Second Movement: All Time and All Things

Not only are the supposedly concrete features of ordinary life stilled, but the notion of time and its divisions into "present, past, future" no longer exist for the enlightened. Only the eternal now, the "ever-present" exists. The ego-bound "I" then can feel itself in every speck of creation, "everywhere / Planets, stars, stardust, earth." From where creation burst forth to all earthly things like "every blade of grass, myself, mankind," the new soul inducted into samadhi experiences the same omnipresence and omnipotence that belong to the Divine Belovèd.

That blessed state reveals to the enlightened one all thoughts of all people who have ever existed. It is as if the newly inducted devotee has "swalllowed" and then transformed everything in his/her path into a "vast ocean of blood of [his/her] own one Being."

Third Movement: Joy

The great guru always reminds his devotees of the role played by the emotion of joy in the journey to and especially including the attainment of this magnificent goal of samadhi. In this poem he calls that joy, "smoldering joy." That joy that had been only slightly perceived in meditation now becomes almost overwhelming as it "blind[s]" the devotees "tearful eyes," and as it "bursts into immortal flames of bliss." This joy that has become bliss then gobbles up those "tears," as well as the devotee's "frame." Everything about the devotee melts into this sacred bliss.

The guru then announces the great truth: "Thou art I, I am Thou." He then elucidates the great truth that in this state the "Knower," the "Known," and the process of "Knowing" all become "One." In this tranquil state, thrill upon thrill is experienced as one realizes his/her "eternally living, ever new peace." The imagination can never be capable of expecting such bliss as acquired in the act of attaining this "magic" state of "samadhi bliss."

With further elucidation, the great guru describes this state of being as not an unconscious place brought on by stultification of the mind as during hypnosis. Instead this state enhances and extends the realm of the mind. The mind through its own agent moves outside of its "mortal frame." It is capable of extending itself to the "farthest boundary of eternity." The individual is like an ocean of cosmic consciousness that can observe itself, the "little ego," as it seems to be "floating in Me."

Fourth Movement: The Ocean of Mirth

This fascinating description then imparts the information that the devotee can hear the sound of atoms that seem to whisper as earthly features such a mountains and seas transform into "vapors of nebulae." The blessed sound of "om" behaves like a breeze that blows open the veils that have hidden the reality of their essence to the fallen eyesight of humankind. The very electrons that make up the ocean waters are detected by the samadhi entranced soul. Finally, the "cosmic drum" brings about the melting of the "grosser lights" as they disappear into "eternal rays / Of all-pervading bliss."

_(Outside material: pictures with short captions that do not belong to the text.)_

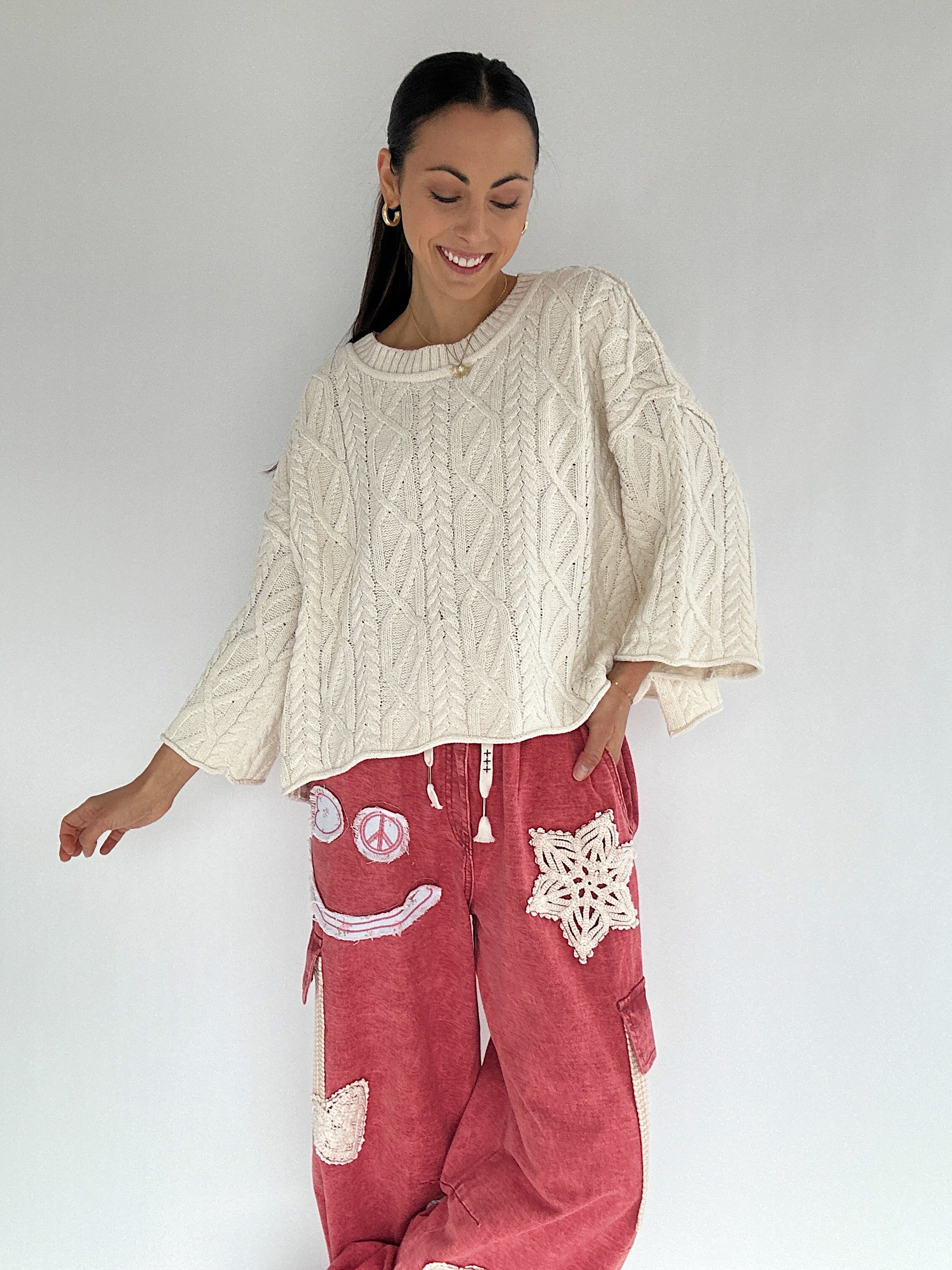 Woman wearing a cream cable knit sweater and red pants with patches on a white background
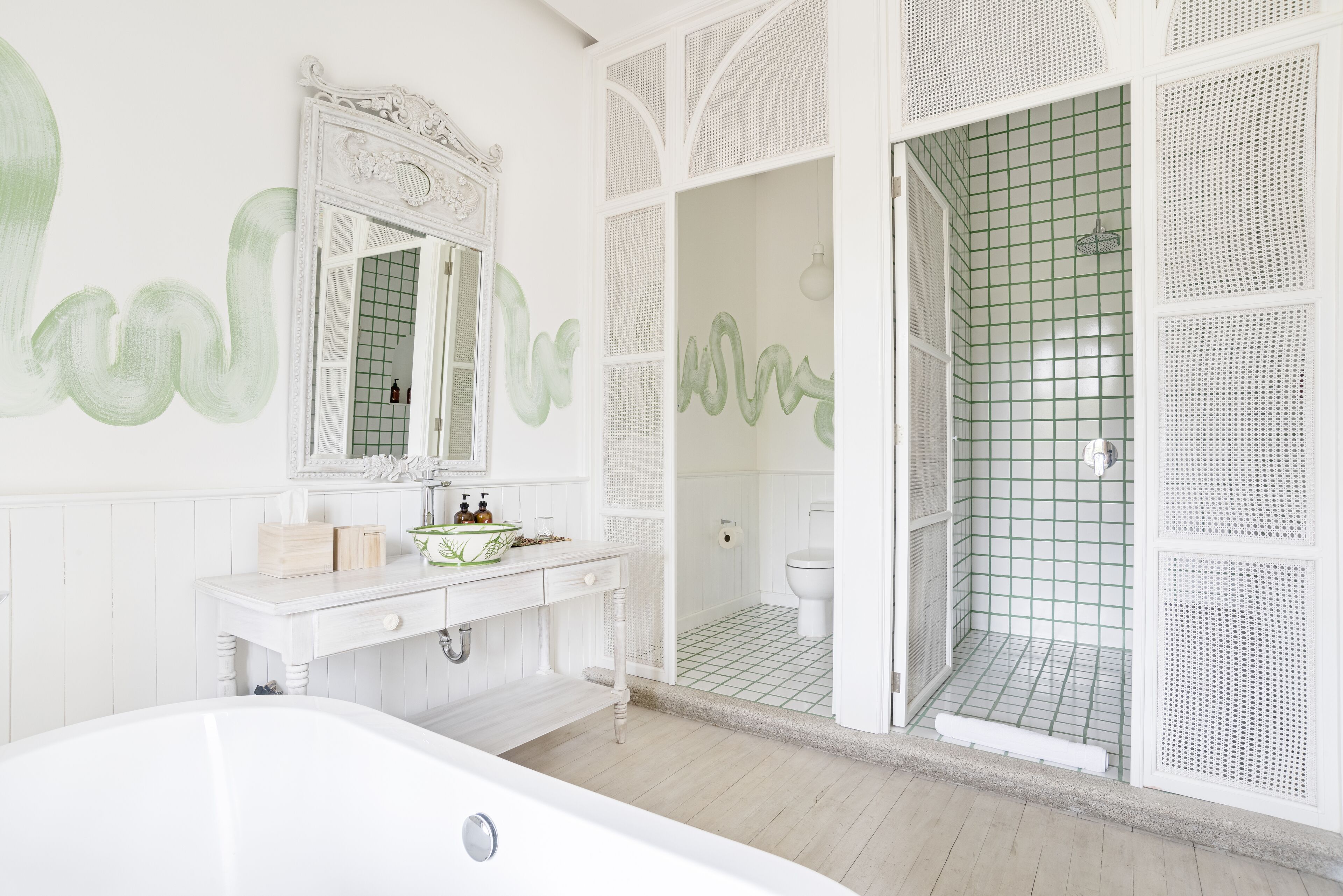 A bathroom with a white vanity, a large mirror, and a shower area with a grid-patterned wall.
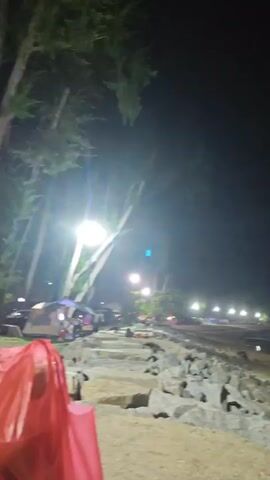 The video shows a nighttime scene at a beach. In the foreground, a large red plastic bag is prominent. Behind it, rocks and sand are visible. Further back, there are several tall trees. The middle ground reveals a more populated area with tents, some people, and motorcycles. In the background, there is a shoreline with lights lining the beach and reflections in the water. The overall atmosphere is dimly lit by artificial lights.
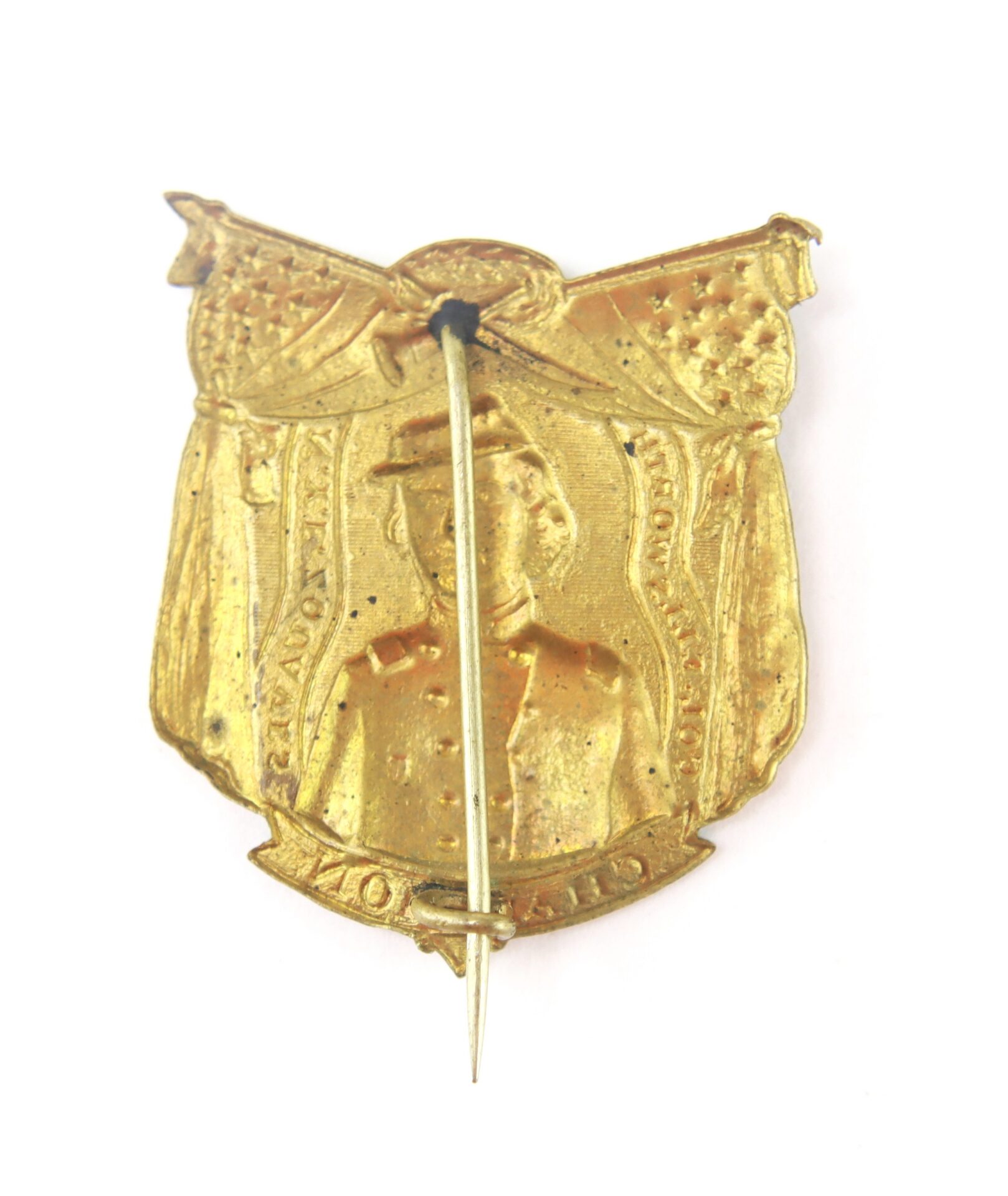 A gold-colored vintage pin featuring a raised portrait of a man in uniform beneath crossed flags, with a straight pin fastener on the back.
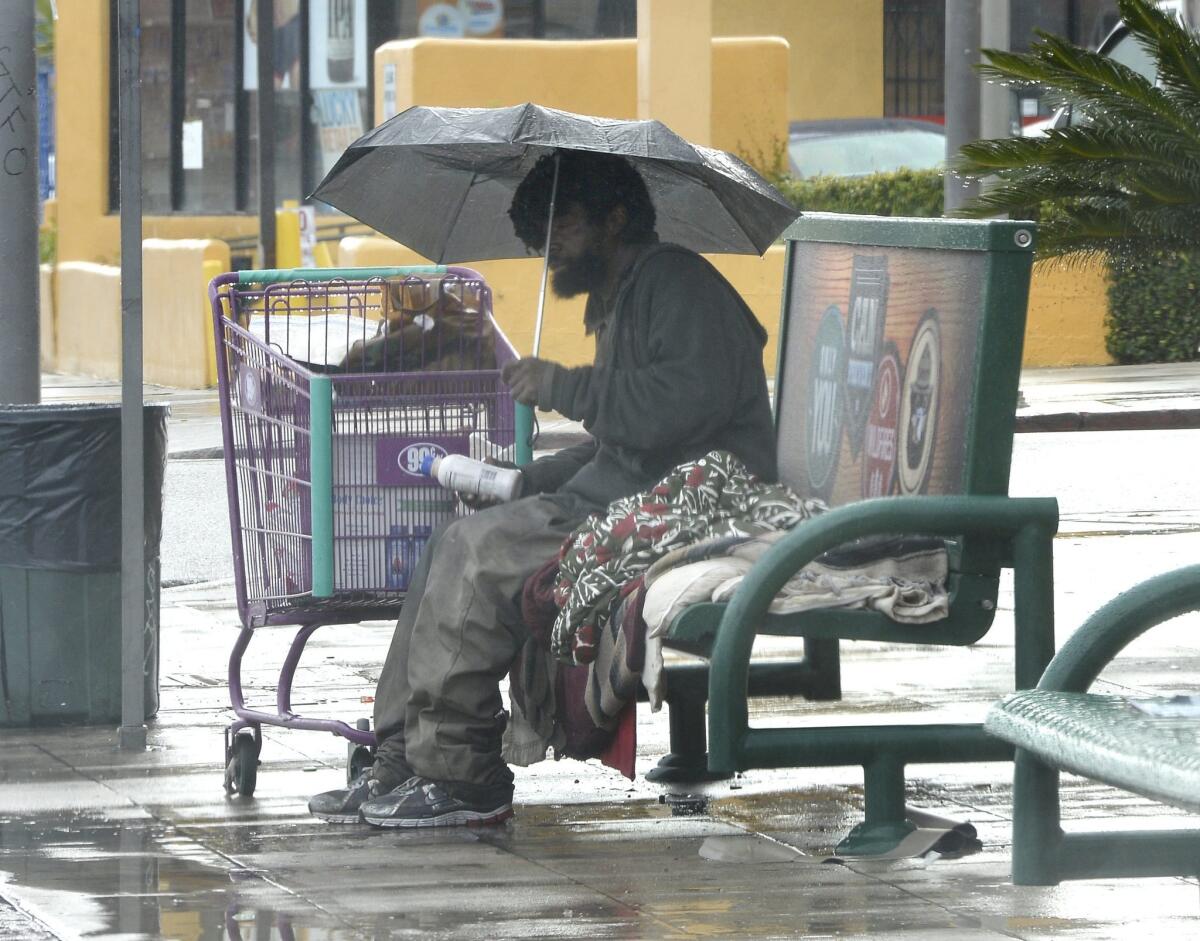 A homeless man sits at a bus stop in Los Angeles on Jan. 5.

As devotees experiences all of these sights and sounds with their astral senses, they come to realize at last that their beings are, in fact, nothing other than joy. They realize that they originate from joy and that they melt into that sacred joy again. The mind like a great ocean absorbs all of "creation's waves." The four veils of "solid, liquid, vapor, and light" are all lifted from the eyes of those experiencing this blessed state.

The speaker then reveals that the little ego, called "I," now enters the "Great Myself." All of those shadows that blighted the life of the earthly dweller under delusion are gone. They were merely the shadows of "mortal memory." The screen of consciousness or "mental sky" of the devotee is now "spotless" on all sides. The devotee is fully aware that s/he is united with the eternal; s/he and Eternity are hence forth "one united ray."

The final two lines of the poem also feature a metaphor often employed by the great guru to compare God and creation: God is the ocean and creation is the wave. The wave remains a part of the ocean, even as it retains an individual form. It is the goal of the human being to become united with its Creator as the wave unites with the ocean; thus in samadhi, the devotee is a "tiny bubble of laughter," who has "become the Sea of Mirth Itself."

Autobiography of a Yogi

With the poem, "Samadhi," featured in this commentary
With the poem, "Samadhi," featured in this commentary | Source

Life Sketch Paramahansa Yogananda

The great guru/poet Paramahansa Yogananda was born on January 5, 1893, in Gorakhpur, India. His name at birth was Mukunda Lal Ghosh. Always a spiritually advanced child, at age 17, he met his guru, Swami Sri Yukteswar, under whose guidance he flourished and became the spiritual giant and sacred engine that leads souls back to their eternal abode in the arms of the Divine Creator.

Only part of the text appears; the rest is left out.